Connors went to college for a year at UCLA, where he won the NCAA singles title in 1971. He turned professional in 1972 and won his first professional title later that year in Jacksonville, Florida. Connors' competitiveness on court quickly made him stand out. He refused to accept that he was beaten and gave everything on every point of every game, no matter how apparently hopeless the cause. He also was not averse to playing to the crowd (he once remarked that "I want to bring the crowd into the match: in short, turn it into a football game") or abusing his opponent or the umpire—anything he could think of to give himself an edge. His brash behaviour both on and off court earned him a reputation as the brat of the tennis world. He acquired the nickname of the "Brash Basher of Belleville" (after the St Louis suburb where he grew up). His high-profile romance with fellow teen tennis prodigy Chris Evert in the early years of his career also helped to keep him in the headlines. Connors also acquired a reputation as a maverick in 1972 when he refused to join the newly formed Association of Tennis Professionals (ATP), the union that was embraced by most male professional players. He avoided the mainstream of professional tennis to play in, and dominate, a series of smaller tournaments organized by Bill Riordan, his manager and a promoter.
In 1974, Connors and Riordan began filing lawsuits, eventually amounting to U.S. $10 million, against the ATP and its president Arthur Ashe for allegedly restricting Connors' freedom in the game. It started when Connors was banned from the French Open in 1974 after he had signed a contract to play World Team Tennis (WTT) for Baltimore. The ATP and the French Tennis Federation opposed WTT because it conflicted with the French Open; therefore, all entries to the French Open from WTT players were refused. The French Open was the only Grand Slam tournament that Connors did not win in 1974. He won the Australian Open, defeating Phil Dent in four sets in the final. Connors then beat Ken Rosewall in straight sets in the finals of both Wimbledon and the U.S. Open. Therefore, his exclusion from the French Open possibly prevented him from becoming the first male player since Rod Laver to win all four Grand Slam singles titles in one year. Though he reached the semifinals on four occasions, Connors never won the French Open. Connors reached the World No. 1 ranking in July 1974 and held it for 160 straight weeks. Over the course of his career, he held the World No. 1 ranking for a total of 268 weeks.

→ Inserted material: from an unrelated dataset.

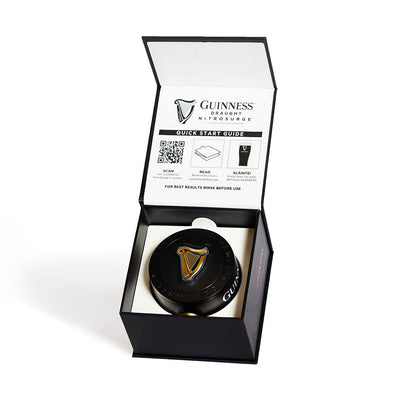 A Guinness Nitrosurge Unit in a box with the Guinness UK logo on it.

In 1975, Connors was the runner-up in the three Grand Slam singles tournaments he had won the year before. The 1975 Wimbledon final was a duel between lawsuit opponents, as Connors lost to Ashe in what most consider to have been a great upset. Shortly thereafter, Connors dropped the lawsuits and parted with Riordan. That year, Connors won two highly touted "Challenge Matches," both arranged by Riordan and televised nationally by CBS Sports from Caesars Palace in Las Vegas. The first match, in February, was against Rod Laver, fourteen years Connors' senior at age 36. Connors won that match, billed as a U.S. $100,000 winner-take-all, 6-4, 6-2, 3-6, 7-5. In April, Connors played the man who had beaten him in the Australian Open final, John Newcombe, in a match billed as a U.S. $250,000 winner-take-all. Connors won the match in four sets. In 1976, Connors met Björn Borg, the new Wimbledon champion, in the final of the U.S. Open, which was now being played on clay. Connors saved four set points in a third-set tiebreak to beat the Swede 6-4, 3-6, 7-6(9), 6-4. Connors finished 1976 as the top ranked player for the third consecutive year.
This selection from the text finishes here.